Protesters rallied in Michigan and nationwide recently to claim that wages at fast food restaurants are too low. Here’s an alternative compensation schedule.

These workers should be paid as much as doctors and lawyers and executives. Those in turn should all get the same salary. Every member of their staffs should make that amount too. The same principle should prevail in government: A receptionist at a state agency would make the same as the governor; a custodian cleaning a public university’s toilets would be paid exactly what the university’s president gets.  

Everybody gets equal pay. All across the board, throughout the economy, wherever and whoever and whatever, everybody’s wage is exactly the same as everybody else’s.

The author of this scheme was the celebrated Irish playwright George Bernard Shaw. He was also the most prominent member of the British Fabian socialist movement — “the highly respectable Fabian Society,” as he called it — and one of its leading economic theorists. In 1928 he published, “The Intelligent Woman’s Guide to Socialism and Capitalism.” It had more than 450 pages devoted to capitalism’s defects in causing “the evil effects of a division of the people into rich and poor” and to socialism’s virtues as a corrective. At the core of true socialism, Shaw maintained, was “equality of income.” He was serious that such a policy would work.

Fabianism’s unique socialist twist was gradualism, a slow and steady conversion from private ownership of production to public, in contrast to the explosive worker revolution predicted in “the so-called Scientific Socialism of Karl Marx,” as Shaw put it. Great numbers of government workers — all paid exactly the same, of course — would manage the Fabian transition and ultimately the publicly owned industries and businesses.

Shaw lived until 1950 and so witnessed the early implementation of his theories. Fabian infiltration of the British Labour Party converted it into a de-facto socialist party, which gained political control in 1945. Its nationalization of industrial sectors was undone by later governments, but its National Health Service lives on.

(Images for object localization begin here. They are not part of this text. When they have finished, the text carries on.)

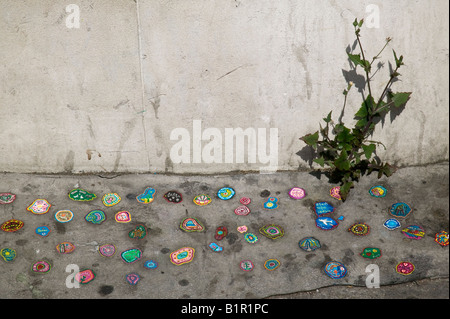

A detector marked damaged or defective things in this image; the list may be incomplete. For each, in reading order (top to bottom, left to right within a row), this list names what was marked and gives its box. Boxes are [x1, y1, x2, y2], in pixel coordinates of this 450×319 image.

cracked concrete wall [0, 0, 448, 175]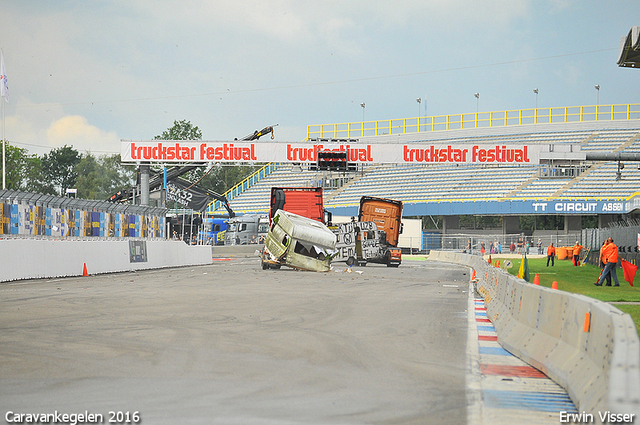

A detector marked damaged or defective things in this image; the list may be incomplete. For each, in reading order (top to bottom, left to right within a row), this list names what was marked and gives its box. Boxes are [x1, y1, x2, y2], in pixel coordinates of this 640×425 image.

crashed truck [262, 210, 340, 272]
crashed truck [332, 195, 402, 264]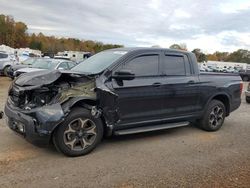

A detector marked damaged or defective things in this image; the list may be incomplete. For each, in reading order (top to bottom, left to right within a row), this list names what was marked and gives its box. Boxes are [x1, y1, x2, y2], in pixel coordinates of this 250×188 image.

shattered front bumper [4, 100, 65, 146]
damaged front end [5, 70, 96, 145]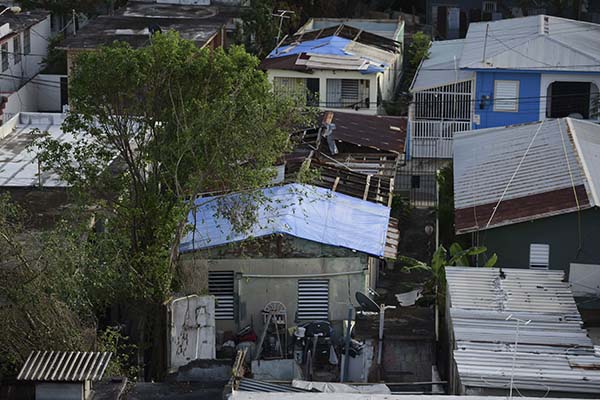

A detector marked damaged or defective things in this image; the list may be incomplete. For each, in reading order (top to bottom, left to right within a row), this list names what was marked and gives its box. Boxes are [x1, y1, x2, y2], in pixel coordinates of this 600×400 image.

damaged roof [59, 0, 231, 50]
damaged roof [262, 24, 398, 74]
broken roof panel [179, 184, 394, 258]
damaged roof [180, 183, 396, 258]
broken roof panel [452, 117, 596, 233]
rusty metal roofing sheet [452, 117, 596, 233]
damaged roof [454, 117, 600, 233]
rusty metal roofing sheet [17, 350, 111, 382]
damaged roof [446, 268, 600, 396]
rusty metal roofing sheet [446, 268, 600, 396]
broken roof panel [446, 268, 600, 396]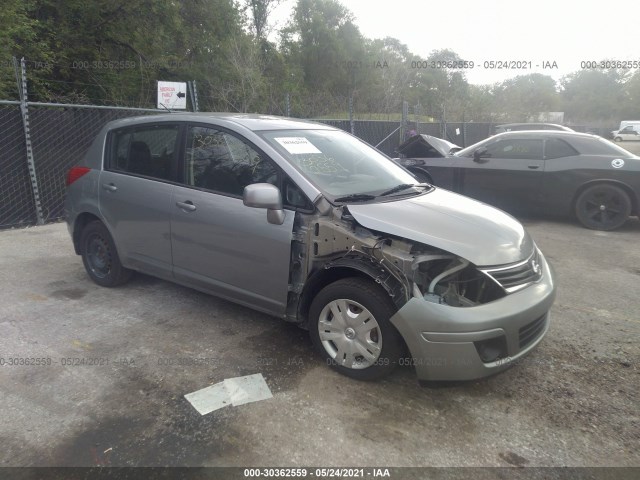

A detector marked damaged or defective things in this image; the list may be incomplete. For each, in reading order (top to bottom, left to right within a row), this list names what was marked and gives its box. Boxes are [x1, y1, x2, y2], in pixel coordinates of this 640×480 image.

damaged silver hatchback [65, 114, 556, 380]
broken headlight area [410, 253, 504, 306]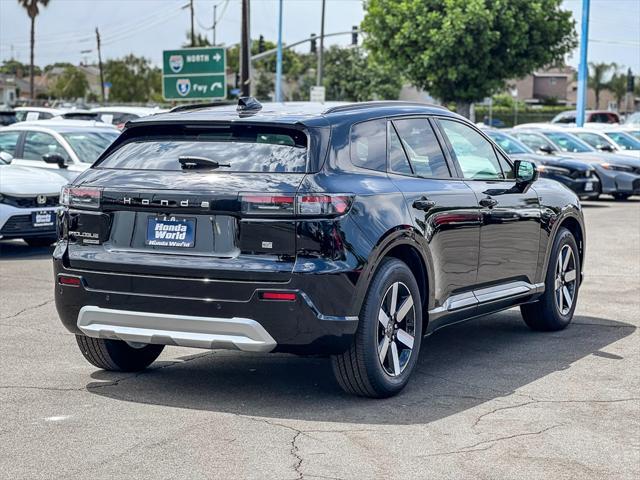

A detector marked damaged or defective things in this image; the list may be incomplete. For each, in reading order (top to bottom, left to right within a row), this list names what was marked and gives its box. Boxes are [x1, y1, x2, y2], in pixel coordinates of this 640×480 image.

crack in asphalt [0, 298, 54, 320]
crack in asphalt [424, 424, 564, 458]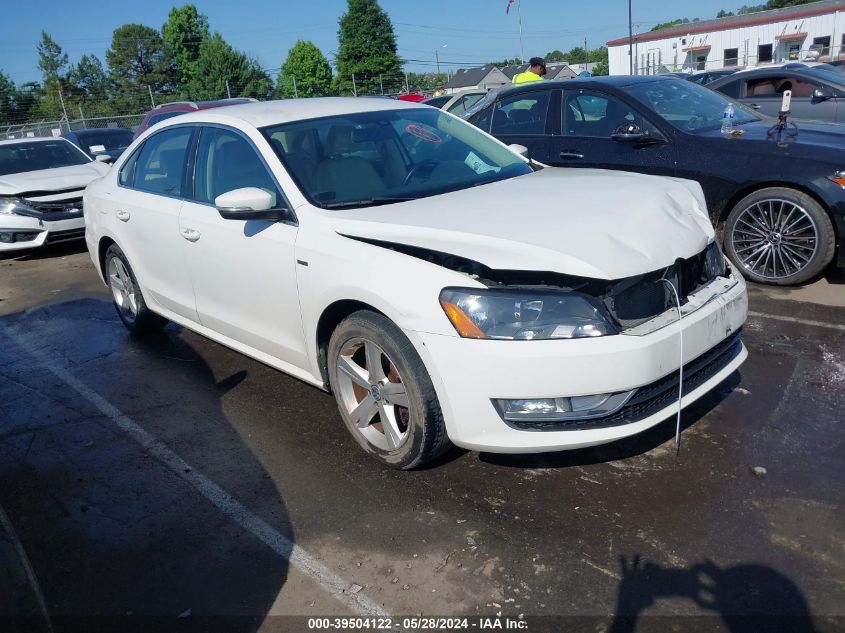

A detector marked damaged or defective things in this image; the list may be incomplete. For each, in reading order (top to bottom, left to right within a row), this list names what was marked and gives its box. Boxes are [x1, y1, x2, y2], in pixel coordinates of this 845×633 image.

A similar single-payer health care system for America is the goal of many Fabian-influenced advocates. Other socialist notions also abound here. For instance, “equal pay for equal work.” The only equal work is identical work, so any “equality” of disparate jobs must be determined subjectively. Shaw-style public workers (but with superior compensation) would execute that assignment.

The so-called “living wage,” defined as how much a person must have to pay for basic necessities, is also a bureaucratic calculation. The concept is founded on the ancient socialist principle of “to each according to his needs.”

Many of the aggrieved fast food workers are unwitting socialists, complaining that they should be paid more money because they “need” it.

As a playwright, George Bernard Shaw spent a career in make-believe, which also is the foundation of his economic visions.

In the real world of fast food, economics looks like this: If the workers sell their services to their employers for $15 an hour, the businesses will have to adjust their prices upwards. Potential customers will then assess whether their higher costs represent enough value for making a purchase there. Loss of sales, loss of jobs.

That ancient proverb — even older than the utopianism of socialism — applies to those demanding the $15 an hour for their fast food employment: “Beware lest you get what you want.”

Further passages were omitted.